The other changes SEBI has proposed-like simplifying the IPO form and providing a new format for opening a trading account that will require the investor to make only a single signature compared to the 50-odd signatures earlier, will allow investors to participate with ease. However, SEBI has overlooked the main problem of getting investors to participate in the market.
Market regulator wants funds to give investors reliable and more information about available schemes, performance and investments. Introduces due diligence for distributors, agents
Mumbai: The Securities and Exchange Board of India (SEBI) has asked mutual funds to bring in more transparency in their dealings with investors and agents, while allowing them to charge a fresh transaction fee.
At a board meeting on Thursday, the market regulator heeded the long-pending request of mutual funds to help them contain the losses suffered due to the abolition of entry charge on investors.
SEBI also allowed them to manage and advise pooled assets, such as offshore funds and pension funds, provided there was no conflict of interest due to a differential fee structure.
However, the regulator asked the industry to become more transparent in the information given to investors through advertisements and other channels, PTI reports.
"Guidelines for advertisements will be suitably modified to include point-to-point return on a standard investment of Rs10,000 and other performance-related disclosures."
Besides, mutual funds would be required to give more granular disclosure of their assets under management (AUM) figures, giving the break-up of debt/equity/balanced and also geography-wise disclosures.
"The scheme's performance will have to be disclosed against the Sensex or Nifty, or Government of India debt paper, in addition to benchmark of the scheme. The performance of fund managers across all schemes managed by the same fund manager will have to be disclosed," SEBI said.

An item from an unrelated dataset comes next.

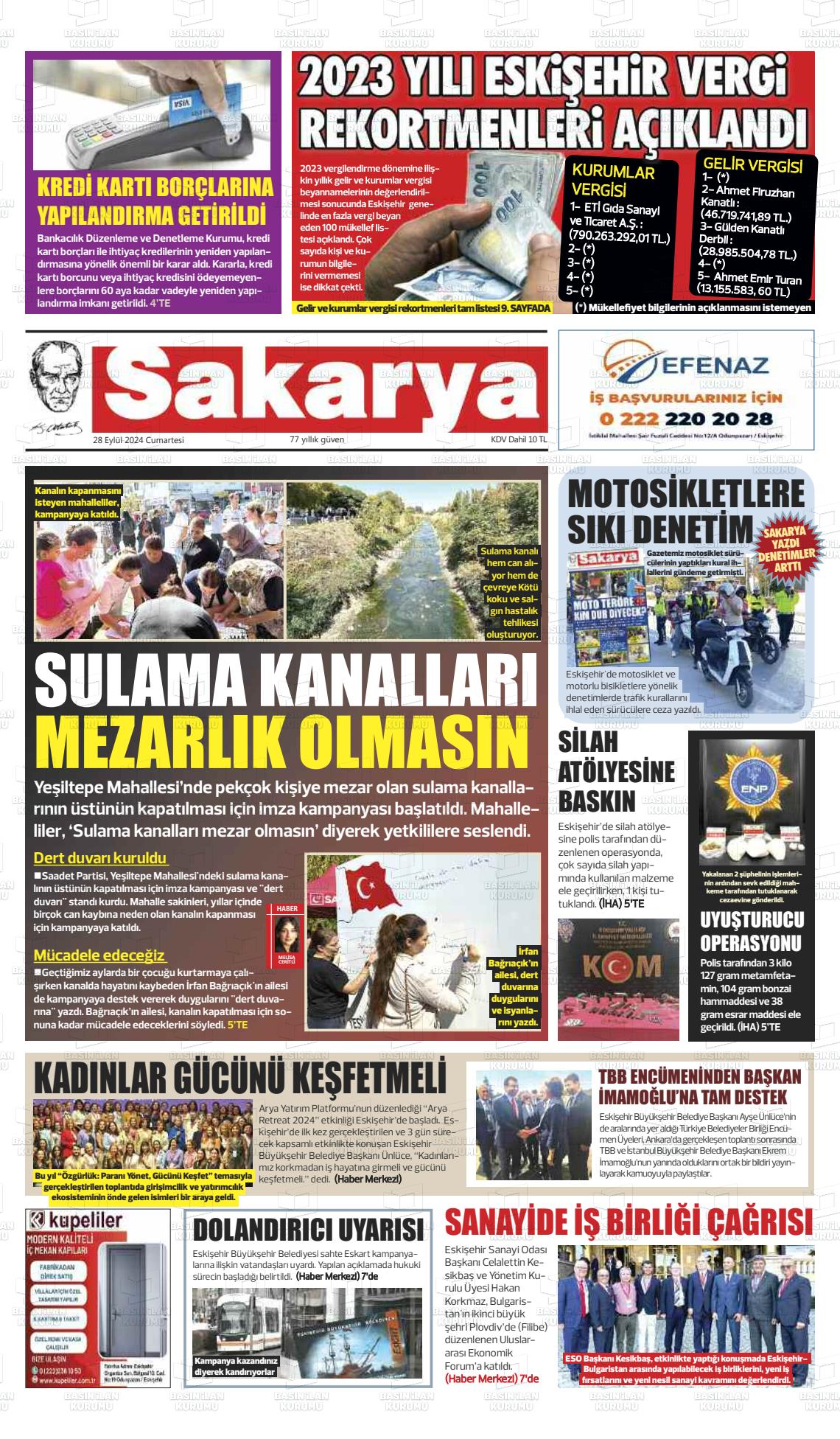 28 Eylül 2024 Sakarya Gazete Manşeti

SEBI also took the first steps towards regulating mutual fund distributors or agents. "Selected distributors will be regulated through asset management companies (AMCs) by putting in place the due diligence process to be conducted by AMCs," it said.
The due diligence process will be initially applicable for those distributors having multiple-point presence in more than 20 locations, having raised assets of over Rs100 crore across the industry from non-institutional investors and high networth individuals (HNIs).
The distributors, having received the commission of over Rs1 crore per annum across industry, and of over Rs50 lakh from a single mutual fund, would also be covered in the initial phase. "It is estimated that this measure will cover distributors handling about half of the total AUM in the industry," SEBI said.
It also asked mutual funds to disclose the commissions paid to distributors and said that the mutual fund industry body AMFI would disclose the aggregate amount of commissions paid to such distributors by the industry.
SEBI said all operations of a mutual fund would be required to be located in India. "All the operations of a mutual fund, including trading desks, unit holder servicing, and investment operations shall be based in India."
"Mutual funds having any of their operations abroad, will be required to immediately confirm that they shall wind up the same and bring them onshore within a period of one year from the notification of amending the regulations. The period is extendable by another one year on SEBI's discretion," it said.
In another move that should be helpful to investors, SEBI said one common account statement would be dispatched every month for investors who have transacted in any of his/her folios across the mutual funds.
"The statement shall also contain the disclosure related to the transaction charge paid to the distributor. One common account statement will be dispatched to the investor every half-year for all non-transacted folios." And in an initiative to reduce the use of paper, the regulator advised that unit holders, who have registered emails, would be sent the annual reports by email.